Subsidiary of any Person means any corporation,
partnership, joint venture, limited liability company, trust or
estate of which (or in which) more than 50% of (a) the issued and
outstanding capital stock having ordinary voting power to elect a
majority of the Board of Directors of such corporation
(irrespective of whether at the time capital stock of any other
class or classes of such corporation shall or might have voting
power upon the occurrence of any contingency), (b) the interest
in the capital or profits of such limited liability company,
partnership or joint venture or (c) the beneficial interest in
such trust or estate is at the time directly or indirectly owned
or controlled by such Person, by such Person and one or more of
its other Subsidiaries or by one or more of such Person's other
Subsidiaries; provided that the term Subsidiary shall not include
any Designated Entity that would otherwise have constituted a
Subsidiary hereunder.
Synthetic Lease means a lease and related documents
entered into in connection with the financing of equipment which
qualifies as an operating lease for accounting purposes but which
permits the lessee to be treated as the owner of the equipment
for tax purposes.
Tax Sharing Agreement means that certain Tax Sharing
Agreement dated December 2, 1996 between the Parent and CNF, as
it may be amended from time to time.
Termination Date shall mean the date on which the Lease
Term ends pursuant to (a) Article VIII of the Lease relating to
termination as a result of an Event of Default, (b) Article X of
the Lease relating to early termination, or (c) Section 11.1 of
the Lease relating to the exercise of Lessee Purchase Option or
Sale Option.
Termination Percentage shall mean the applicable
percentage set forth under the heading Termination Percentage on
Schedule II to the Lease.
Termination Value shall mean, at any date, an amount
equal to the product of (i) the percentage (expressed as a
decimal) set forth opposite such date under the heading
Termination Percentage on Schedule II to the Lease times (ii) the
aggregate Purchase Price of all Vehicles.

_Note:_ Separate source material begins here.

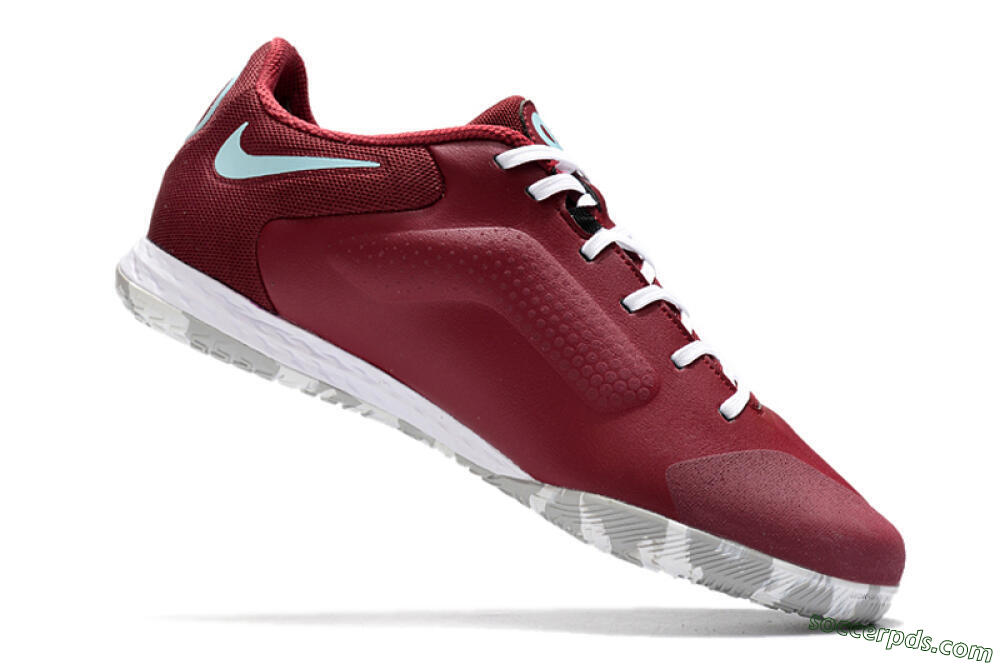 Nike React Tiempo Legend 9 Pro IC Low-Tops Football Shoes - Red/White/Jade 4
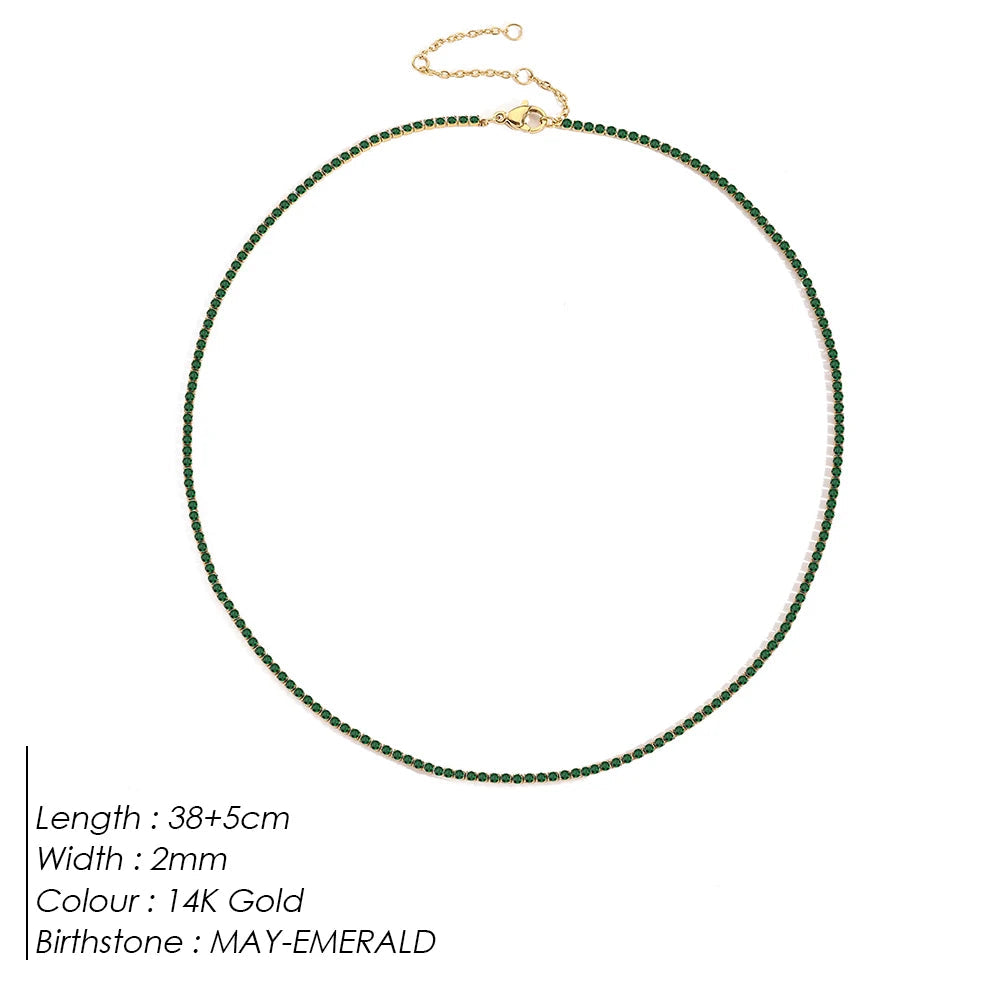 Birthstone Tennis Necklace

Total Commitment shall mean the total of the
Commitments of the Lessors set forth on Schedule I to the
Participation Agreement.
Transaction Costs shall mean, without duplication,
(i) a fee in respect of legal fees of Shearman &
Sterling reasonably incurred on behalf of Agent through
the Effective Date in connection with the negotiation,
execution and delivery of the Operative Agreements, and
the transactions contemplated thereby, and the
reasonable out-of-pocket expenses of Shearman &
Sterling in connection with the foregoing;
(ii) the fees and expenses of the Appraiser;
(iii) the Agent Fees; and
(iv) all costs of lien searches and
perfection of a first priority security interest in the
Vehicles.
UCC@ shall mean the Uniform Commercial Code, as in
effect from time to time in any applicable jurisdiction.

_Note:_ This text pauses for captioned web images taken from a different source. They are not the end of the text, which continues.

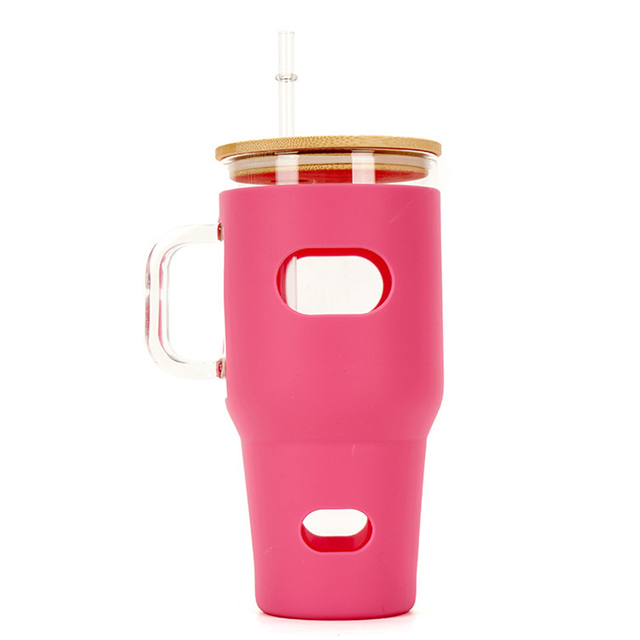 600ML Glass Tumbler with Silicone Sleeve and Bamboo Lid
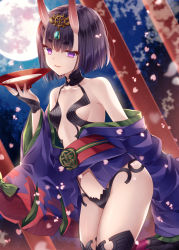 Rule 34 | 1girl, alcohol, bare shoulders, black thighhighs, blurry, blurry background, breasts, collarbone, commentary request, cup, depth of field, fate/grand order, fate (series), full moon, headpiece, holding, holding cup, horns, japanese clothes, kimono, looking at viewer, moon, nogi takayoshi, obi, off shoulder, oni, parted lips, petals, purple eyes, purple hair, purple kimono, sakazuki, sake, sash, short eyebrows, short hair, shuten douji (fate), skin-covered horns, small breasts, solo, thick eyebrows, thighhighs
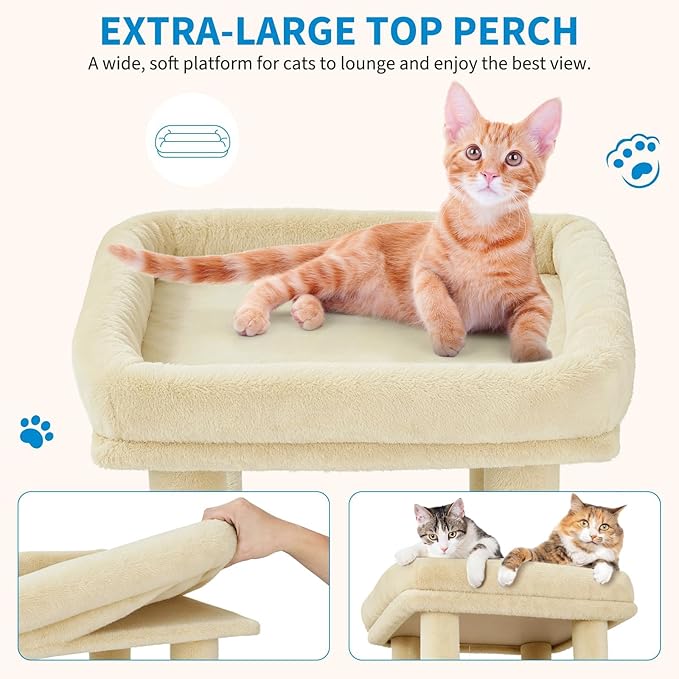 Cat Tree - 157cm Tall, Sisal Wrapped Scratching Post, Cat Nest, Hanging Ball, Extended Platform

Variable Rent shall mean, with respect to each Rent
Period, an amount equal to interest accrued on the Lease Balance
outstanding during such period at the Interest Rate.

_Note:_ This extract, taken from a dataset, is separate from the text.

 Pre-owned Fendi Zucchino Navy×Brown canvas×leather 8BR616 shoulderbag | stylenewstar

Vehicle shall mean each tractor listed on Schedule I to
the Lease, and any substitutions therefor, replacements thereof
and additions thereto from time to time pursuant to the Operative
Agreements.
Welfare Plan shall mean, with respect to any Person, a
welfare plan as such term is defined in Section 3(1) of ERISA to
which such Person or any Related Person to such Person may have
any liability or contingent liability.